Вдруг детвора побросала свои развлечения и стала пристально смотреть по направлению входной калитки. Мы тоже обернулись туда. Рослый бородатый мужик катил перед собою кресло, в котором сидело жалкое, беспомощное существо: мальчик лет восемнадцати — двадцати, с рыхлым, бледным лицом, с отвисшими губами, красными, толстыми и мокрыми, и со взглядом идиота. Бородатый мужик провез кресло мимо нас и скрылся за поворотом дорожки. Я заметил, как тряслась во все стороны огромная остроконечная голова слабоумного и как она при каждом толчке то падала на плечи, то бессильно опускалась вниз.

— Ах, бедный, бедный человек! — произнес тихо мой спутник.

В его словах мне послышалось такое глубокое и такое истинное сочувствие, что я невольно посмотрел на него с изумлением. Я знал Зимина давно: это был добродушный, сильный, мужественный и веселый человек. Он служил в одном из полков, расположенных в нашем городе. Говоря по правде, я не ожидал от него такого неподдельного сострадания к чужому несчастию.

— Бедный-то он, конечно, бедный, но какой же он человек? — возразил я, желая вызвать Зимина на разговор.

— Почему же вы отказываете ему в этом? — спросил, в свою очередь, Зимин.

— Ну… как вам сказать? Это же всем ясно… У идиотов ведь нет никаких высших побуждений и свойств, отличающих человека от животного: ни разума, ни речи, ни воли… Собака или кошка обладают этим качеством в гораздо большей степени…

Но Зимин прервал меня.

— Извините, пожалуйста, я, наоборот, глубоко убежден, что идиотам вовсе не чужды человеческие инстинкты. Они у них только затуманены… Живут где-то глубоко под звериными ощущениями… Видите ли… со мной был один случай, после которого, мне кажется, я имею право так говорить. Воспоминание о нем никогда не покидает меня, и каждый раз, когда я вижу такого вот блаженного, я чувствую себя растроганным чуть ли не до слез… Если вы позволите, я расскажу вам, почему идиоты внушают мне такую жалость.
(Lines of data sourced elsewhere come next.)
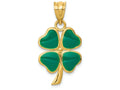 FJC Finejewelers 14k Yellow Gold Enameled Clover Charm
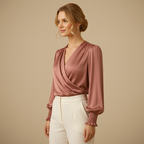 Damesblouse met V-hals en lantaarnmouwen Jelle Jora Mode
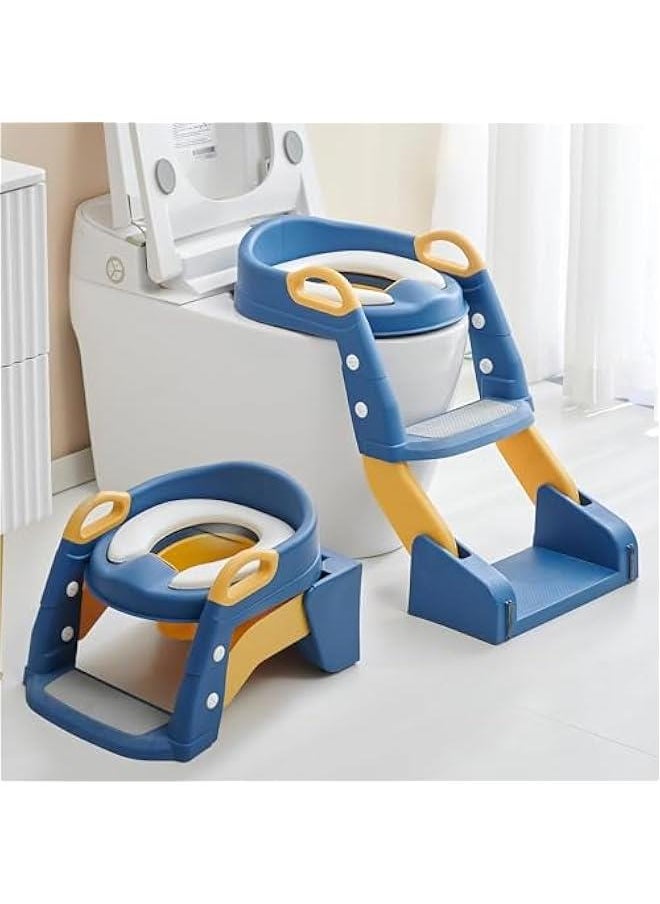 MIXDE 3-in-1 Baby Potty Seat With Ladder for Kids, Baby Potty Ladder Training Potty Chair with Splash Guard & Cushion Seat, Kids Toilet Seat, Potty Chair for 1-8 Years Boys & Girls (Blue)  - Image 1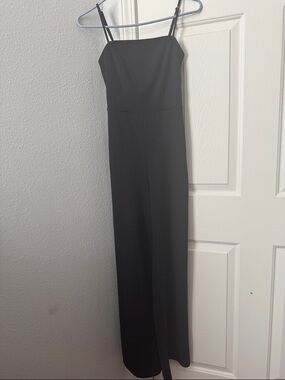 Classic Black Wide-Leg Jumpsuit with Spaghetti Straps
Я поспешил попросить его об этом, и он начал:

— В тысяча восемьсот… году я поехал ранней осенью в Петербург держать экзамен в Академию генерального штаба. Я остановился в первой попавшейся гостинице, на углу Невского и Фонтанки. Из окон моих были видны бронзовые кони Аничкова моста, всегда мокрые и блестящие, точно обтянутые новой клеенкой. Я часто рисовал их на мраморных подоконниках моего номера.
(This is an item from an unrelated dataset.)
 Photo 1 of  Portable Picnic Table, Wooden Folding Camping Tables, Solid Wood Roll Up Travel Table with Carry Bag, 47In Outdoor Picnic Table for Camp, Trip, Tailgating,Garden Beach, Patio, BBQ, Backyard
Петербург меня неприятно поразил: все время он был окутан унылым, серым покровом затяжного дождя. Но академия, когда я впервые туда явился, прямо меня подавила, ошеломила и уничтожила своей грандиозностью. Я, как теперь, помню ее огромную швейцарскую, широкую лестницу с мраморными перилами, анфилады высоких, строгих аудиторий и навощенные, блестящие, как зеркала, паркеты, по которым мои провинциальные ноги ступали так неуверенно. Офицеров в этот день собралось человек до четырехсот. На скромном фоне армейских зеленых мундиров сверкали гремящие палаши кирасиров, красные груди уланов, белые колеты кавалергардов; пестрели султаны, золотые орлы на касках, разноцветные обшлага, серебряные шашки. Все это были соперники, и, поглядывая на них, я с гордостью и волнением пощипывал то место, где предполагались у меня в будущем усы. Когда мимо нас, застенчивых пехотинцев, пробегали с портфелями под мышкой необыкновенно озабоченные полковники генерального штаба, мы сторонились от них в благоговейном ужасе.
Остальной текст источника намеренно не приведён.